All you should know about how to use a Power of Attorney

February 5, 2021
Man in blue shirt signing papers with black pen
end of life planning
anticipate life
supporting others
Author:
Bernadette Fulton

What exactly is a Power of Attorney?

A Power of Attorney is a legal document that you use to appoint someone (called your attorney) to act on your behalf and to be your decision maker in certain situations.

You can make it clear that you only want your attorney’s authority to start if, and when, you become incapable of making your own decisions. Until that happens, if it does, you do not lose any of your rights to make your own decisions about your property, money and personal affairs.

Who should I appoint as my attorney?

You should choose someone who is suitable and willing to take on this role. And who you trust to make decisions for you in your best interests. Your attorney does not have to be a solicitor or lawyer. It can also be a family member, close friend, or government provided attorney.

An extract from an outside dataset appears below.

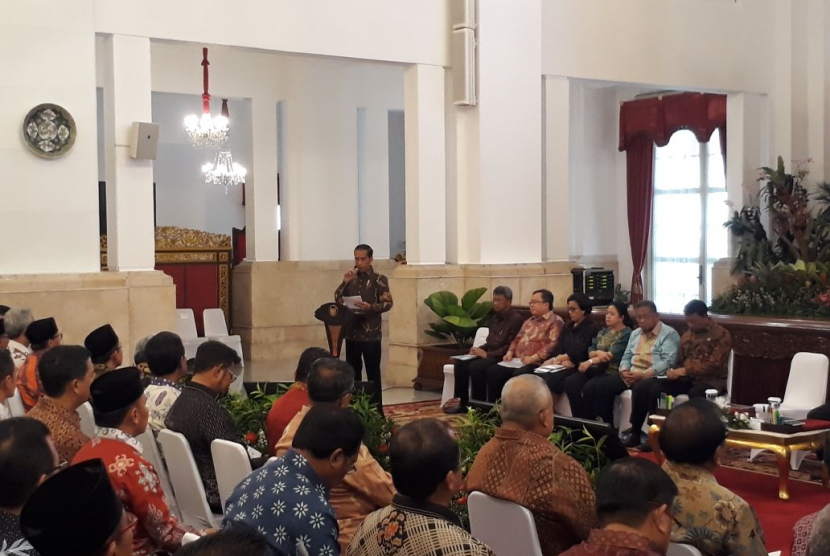 Presiden Joko Widodo memberikan arahan terkait Permen 91/2017 terkait kemudahan berusaha, di Istana Negara, Jakarta (24/10).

You can appoint more than one person as your attorney. They can act either together or separately.

There are Government provided trustees and guardians who can act as your attorney for set fees.

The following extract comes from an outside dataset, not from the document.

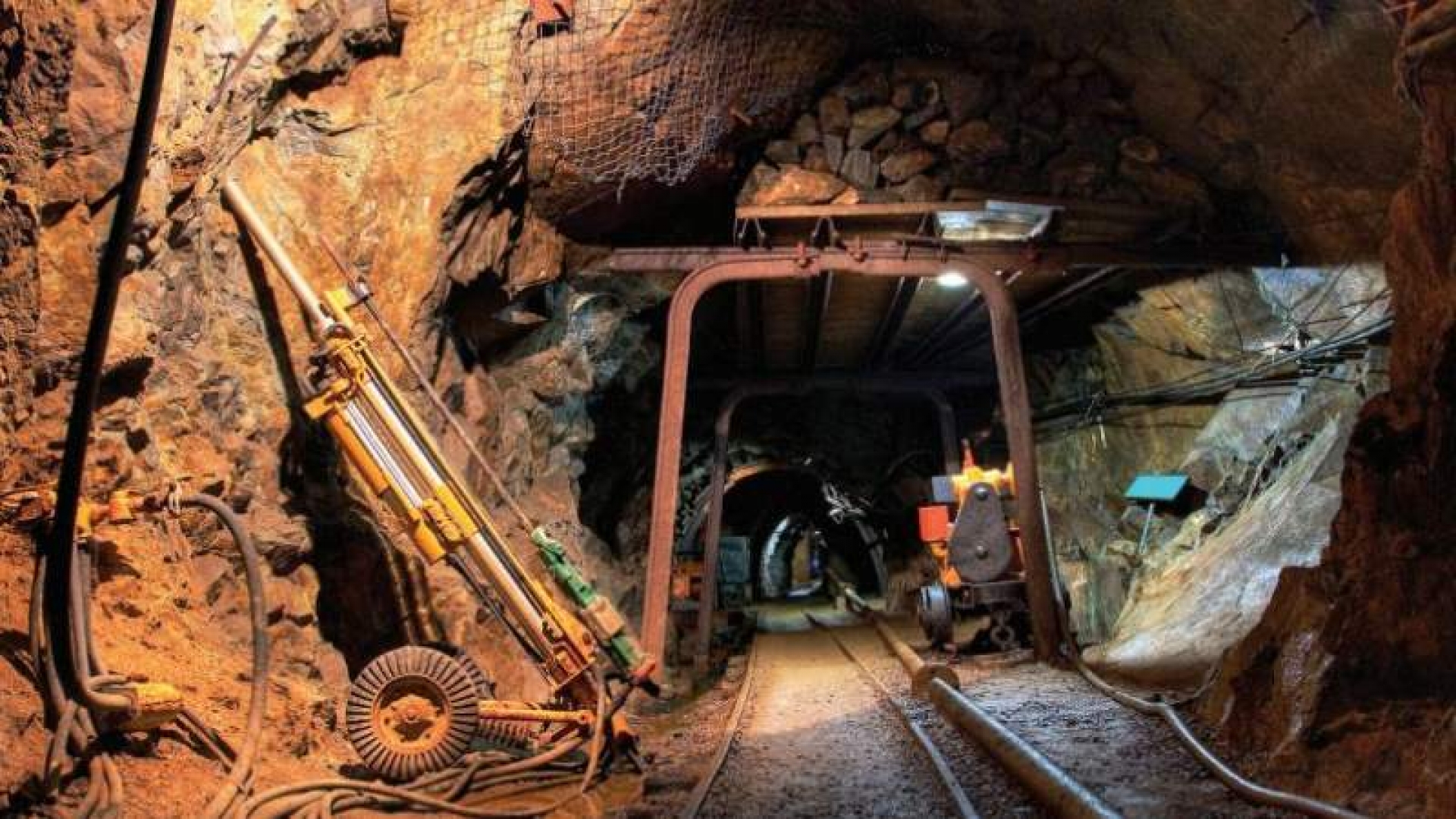 La minería, crucial para superar la crisis actual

Obtaining legal advice is important

You should have a legal professional give you advice about any Power of Attorney you are considering making.  To explain your options, the duties of attorneys, and the legal consequences. Legal requirements vary depending on which jurisdiction you live in, such as the form you should use. And rules about signing, witnessing, registration and other formalities.

You can cancel a Power of Attorney at any time, provided you have mental capacity. But you must take certain steps to ensure the cancellation is legally valid. Remember that a Power of Attorney only operates while you are alive. It loses effect when you die. And your Will then comes into operation.

More information on general legal requirements can be found here.

Who can make a power of attorney?

Anyone over 18 can make a Power of Attorney. However, they must understand what they are signing.

A person in the early stages of dementia may still have mental capacity to make a Power of Attorney. If there is any doubt, you can obtain an assessment from an appropriate health professional.

What types of Powers of Attorney are there?

Generally speaking there are 3 main types and their differences are important. They are: Limited, General or Enduring.

So how are they different?

1.     A Limited Power of Attorney limits your attorney’s power to act on your behalf to a very limited or specific purpose.  Such as paying certain kinds of bills or selling your house.

2.     A General Power of Attorney is usually given for a specific period of time. For example, if you plan to travel overseas or are going to hospital.

You can decide how much power or authority to give your attorney. Your attorney can only make decisions for you in property and financial matters. Not in personal, medical or lifestyle matters. It stops operating if you lose the capacity to make your own decisions.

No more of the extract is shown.